BEGIN Provided data

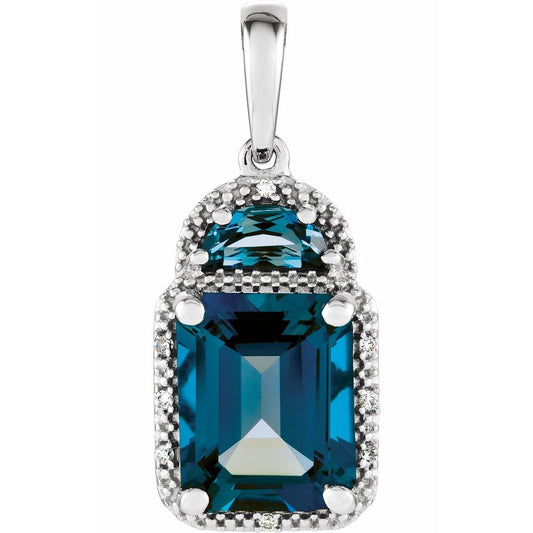 14k White Gold Natural London Blue Topaz & .03 CTW Natural Diamond Pendant
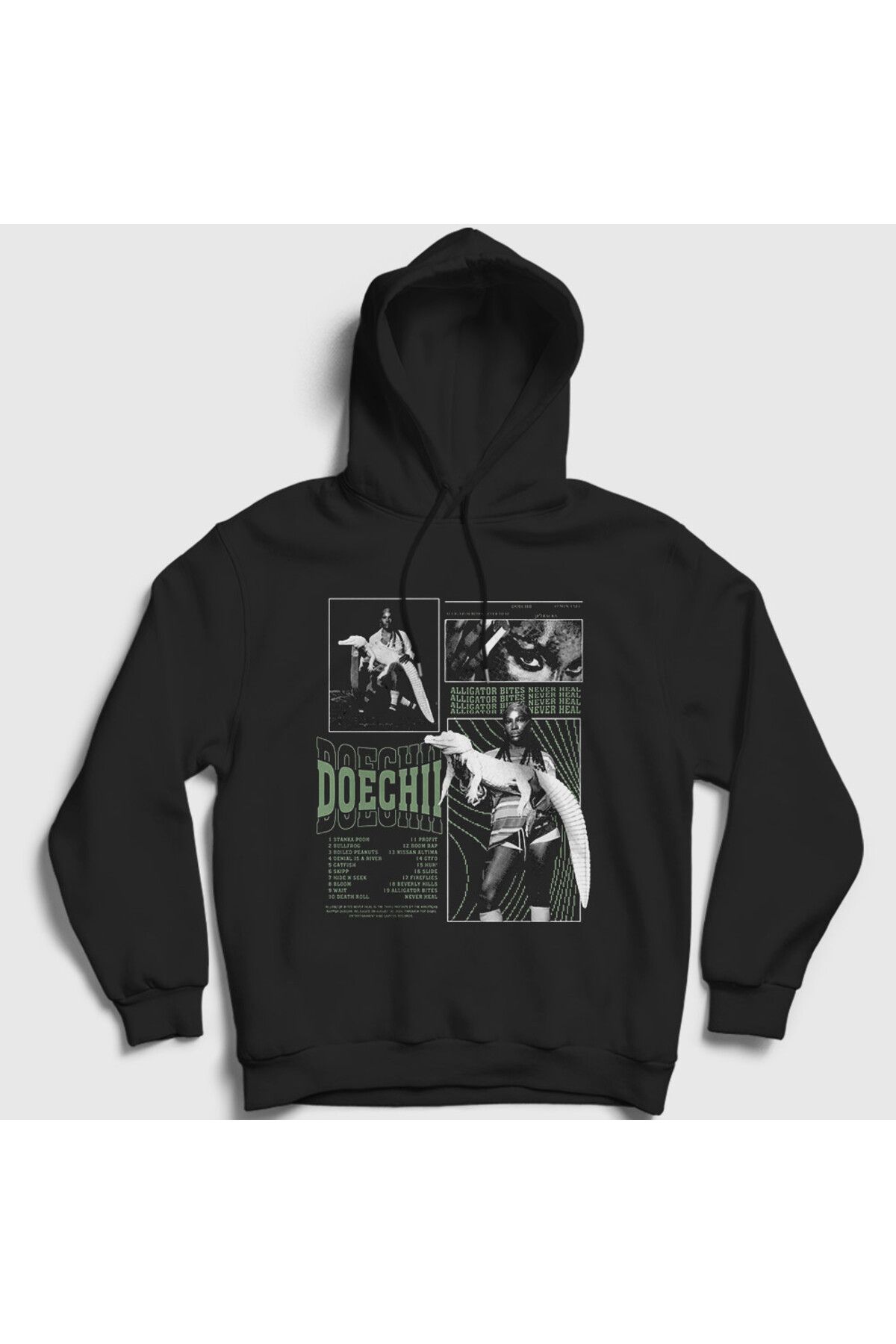 Presmono Unisex Siyah Alligator Bites Müzik Doechii Kapüşonlu Sweatshirt 541351tt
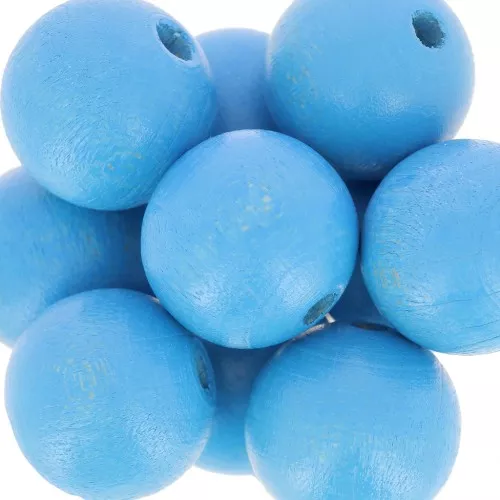 Perles rondes en bois 15 mm Turquoise x5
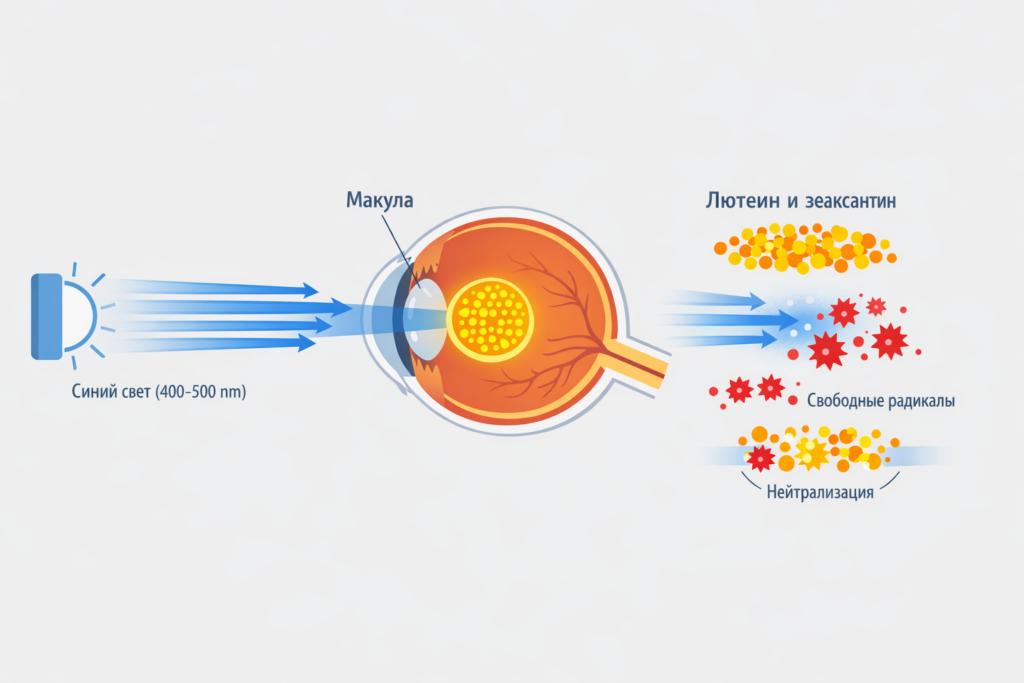Сетчатка, перерабатывая свет в нервные сигналы, потребляет много кислорода. Это приводит к образованию повреждающих клетки свободных радикалов. Для предотвращения деградации тканей глаза необходима антиоксидантная защита.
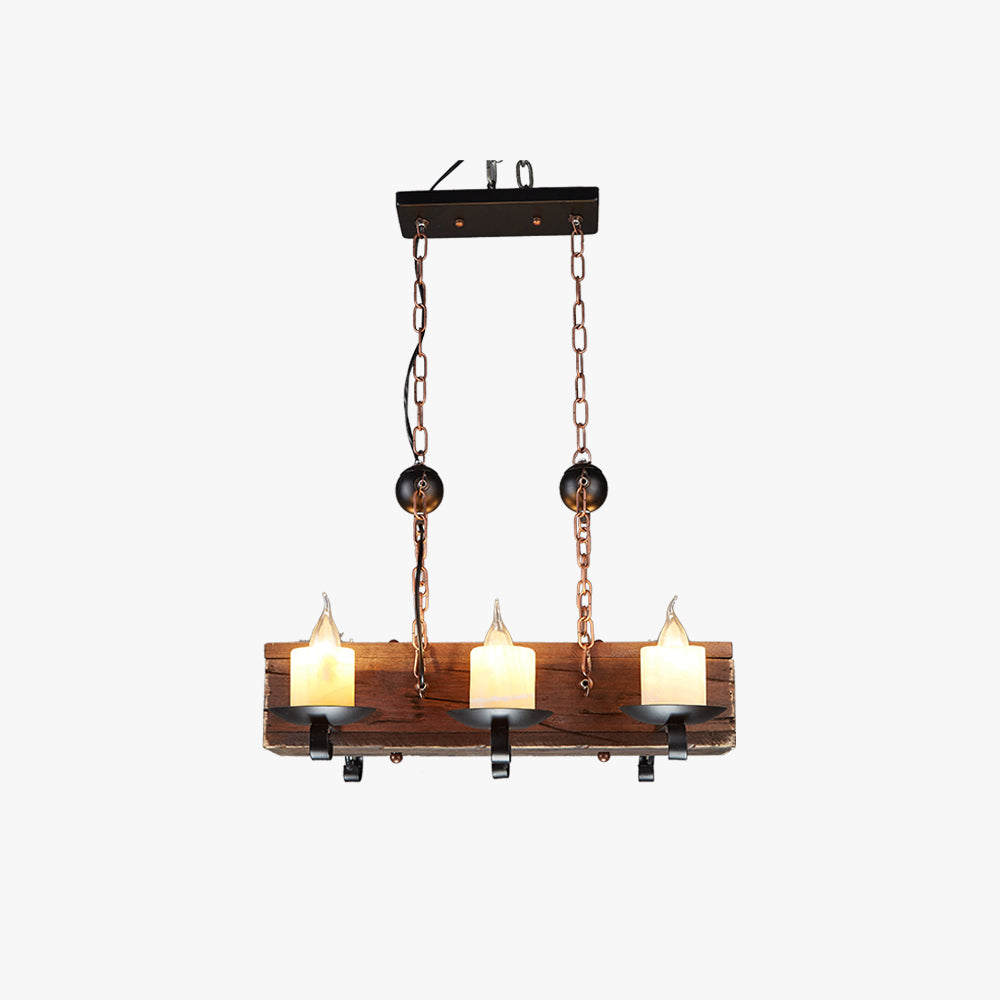 Epoch Retro Rectangular /Wood Pendant Light, Walnut - Letslighting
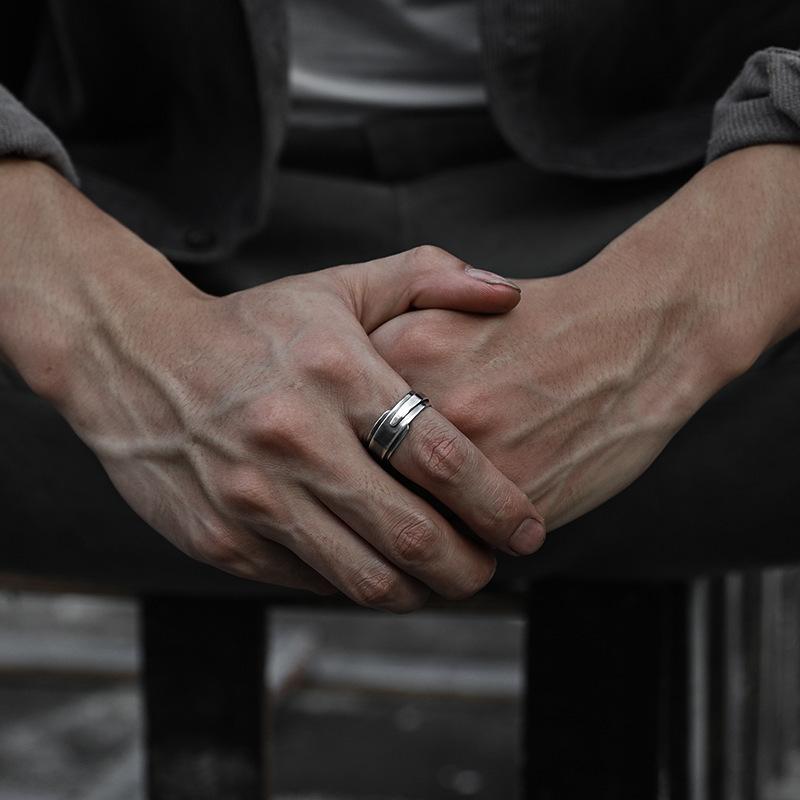 Retro Overlapping Bridges Ring For Men Silver Color Punk Gothic Open Ring Handmade Designer Jewelry Unisex Accessoriess Gift
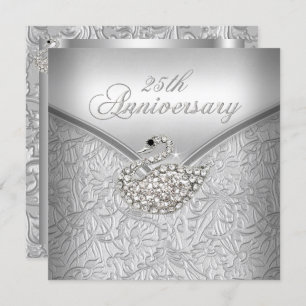 Elegant Silver Damask White Swan 25-jähriges Jubil Einladung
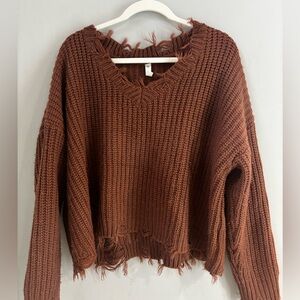 Wishlist Rust frayed boho distressed cropped sweater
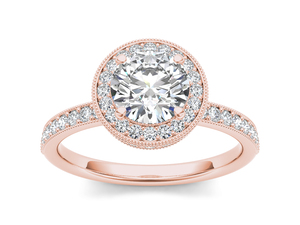 Anillo Solitario de Oro Sólido de 14K con Diamante Cultivado en Laboratorio de 1 Quilate, Corte Brillante Redondo, VS VVS EF, con Detalle Milgrain, para Uso Diario y Bodas - Product Image 5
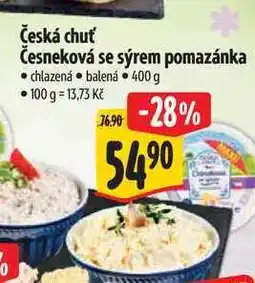Albert Česká chuť Česneková se sýrem pomazánka nabídka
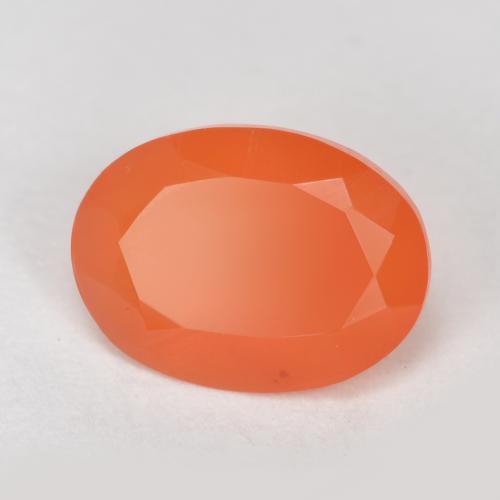 Cornalina naranja brillante natural de 0,72 ct, corte óvalo, translúcido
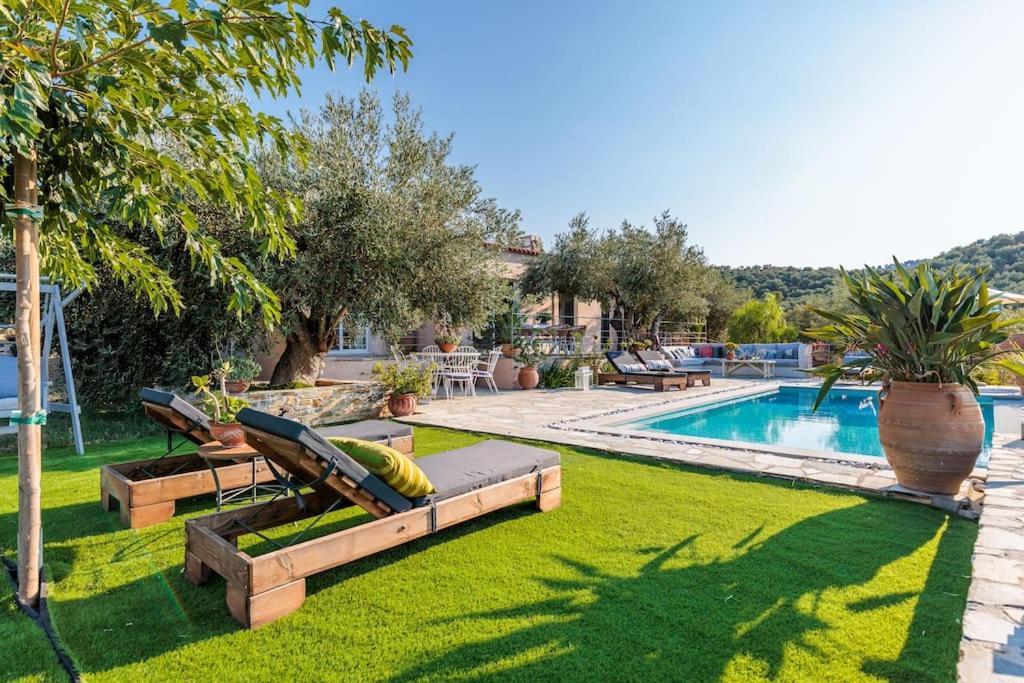 Skopelos Blue Heaven Pool Villa In Olive Grove Exterior photo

END Provided data

Could the entries above be written out word for word, pictures excluded?

 14k White Gold Natural London Blue Topaz & .03 CTW Natural Diamond Pendant
 Presmono Unisex Siyah Alligator Bites Müzik Doechii Kapüşonlu Sweatshirt 541351tt
 Perles rondes en bois 15 mm Turquoise x5
Сетчатка, перерабатывая свет в нервные сигналы, потребляет много кислорода. Это приводит к образованию повреждающих клетки свободных радикалов. Для предотвращения деградации тканей глаза необходима антиоксидантная защита.
 Epoch Retro Rectangular /Wood Pendant Light, Walnut - Letslighting
 Retro Overlapping Bridges Ring For Men Silver Color Punk Gothic Open Ring Handmade Designer Jewelry Unisex Accessoriess Gift
 Elegant Silver Damask White Swan 25-jähriges Jubil Einladung
 Wishlist Rust frayed boho distressed cropped sweater
 Anillo Solitario de Oro Sólido de 14K con Diamante Cultivado en Laboratorio de 1 Quilate, Corte Brillante Redondo, VS VVS EF, con Detalle Milgrain, para Uso Diario y Bodas - Product Image 5
Albert Česká chuť Česneková se sýrem pomazánka nabídka
 Cornalina naranja brillante natural de 0,72 ct, corte óvalo, translúcido
 Skopelos Blue Heaven Pool Villa In Olive Grove Exterior photo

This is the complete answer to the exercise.